French risk premium hits 12-year high while German bond yields fall

By Harry Robertson

LONDON (Reuters) -The premium investors demand to hold French debt rose to its highest level since 2012 on Wednesday in a sign of worries over the country’s finances, while benchmark German yields fell along with those in the United States.

The spread between French and German 10-year bond yields rose to 90 basis points, the highest since the euro zone crisis 12 years ago, before easing to around 85 bps in late afternoon trading.

French far-right leader Marine Le Pen has been threatening to bring down France’s coalition government in a no-confidence vote over proposed tax rises and spending cuts in the 2025 budget.

Prime Minister Michel Barnier told French broadcaster TF1 on Tuesday there could be “serious turbulence on the financial markets” if the government collapses.

France’s 10-year bond yield was flat at 3.025% by 1600 GMT, while Germany’s was around 2 bps lower at 2.177%, having earlier traded at its lowest in nearly two months. Yields rise as prices fall and vice versa.

“Investors remain concerned about political developments in France, especially due to the government’s difficulties in approving next year’s budget,” said analysts at Italian bank UniCredit in a note on Wednesday.

Outside of France, euro zone bond yields fell along with those in the United States.

European yields were likely being pulled down by “very disappointing consumer confidence data from Germany and France, on top of the recent weak growth indicators,” said Jussi Hiljanen, head of European rates strategy at SEB.

Data on Wednesday showed German consumer sentiment tumbled more than expected going into December, while a French measure also dropped.

A key gauge of the market’s long-term euro zone inflation expectations fell below 2% for the first time since July 2022 on Tuesday, a sign investors think faltering growth means inflation could undershoot the ECB’s target in the coming years.

The 10-year U.S. Treasury yield, which sets the tone for borrowing costs around the world, was down 3 bps at 4.271%.
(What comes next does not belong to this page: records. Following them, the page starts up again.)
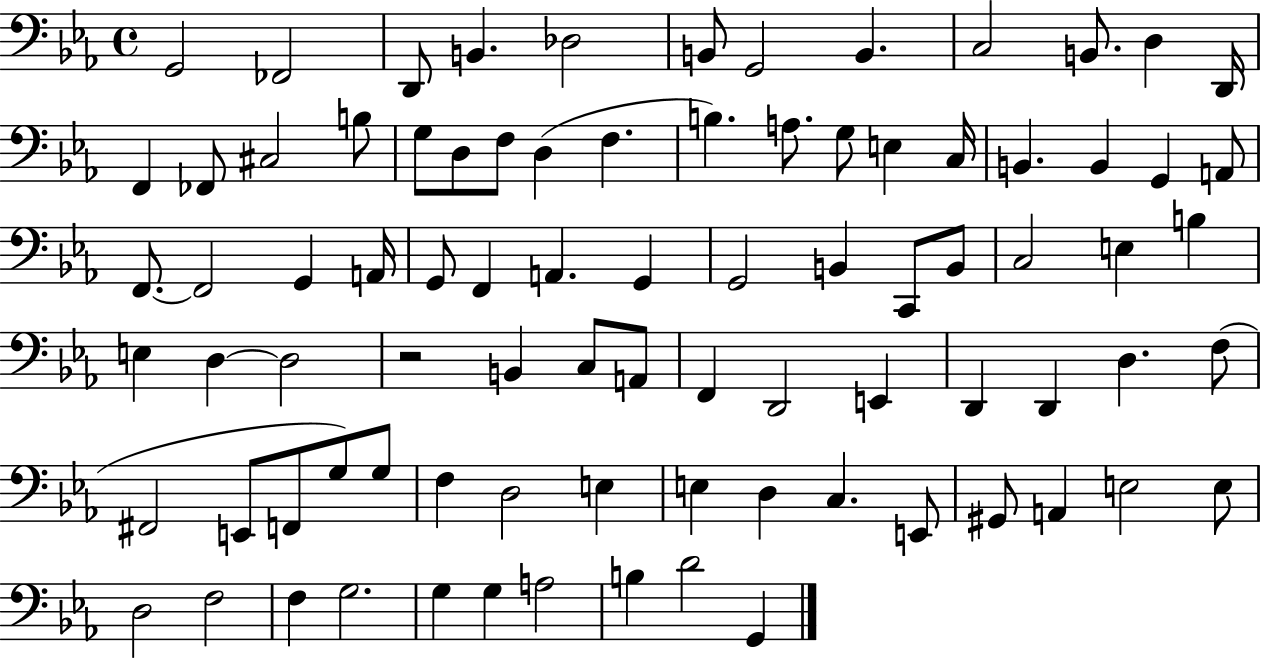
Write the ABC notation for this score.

X:1
T:Untitled
M:4/4
L:1/4
K:Eb
G,,2 _F,,2 D,,/2 B,, _D,2 B,,/2 G,,2 B,, C,2 B,,/2 D, D,,/4 F,, _F,,/2 ^C,2 B,/2 G,/2 D,/2 F,/2 D, F, B, A,/2 G,/2 E, C,/4 B,, B,, G,, A,,/2 F,,/2 F,,2 G,, A,,/4 G,,/2 F,, A,, G,, G,,2 B,, C,,/2 B,,/2 C,2 E, B, E, D, D,2 z2 B,, C,/2 A,,/2 F,, D,,2 E,, D,, D,, D, F,/2 ^F,,2 E,,/2 F,,/2 G,/2 G,/2 F, D,2 E, E, D, C, E,,/2 ^G,,/2 A,, E,2 E,/2 D,2 F,2 F, G,2 G, G, A,2 B, D2 G,,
“We rallied in the morning following a bit of rally in Treasuries post our close and also concerns over France,” said Mohit Kumar, chief financial economist for Europe at Jefferies. “But then Schnabel talked about gradual cuts and we have come back.”

Influential ECB board member Isabel Schnabel told Bloomberg that the central bank should cut interest rates only gradually.

Short-dated German yields ticked up from two-year lows after Schnabel’s comments and were last up 1 bp at 2.047%.

Italian 10-year bonds outperformed Germany’s, with yields down nearly 4 bps at 3.42%.

Inflation data on Friday is expected to show euro zone price growth picked up to 2.3% year-on-year in November, from 2% in October and 1.7% in September.

Over in the United States, where markets close on Thursday for Thanksgiving, data on Wednesday showed the personal consumption expenditures price index climbed in October. The core rate rose 2.8% after September’s 2.7% increase.

U.S. 10-year Treasuries rose in price, pushing the yield down 4 bps on the day to 4.263%.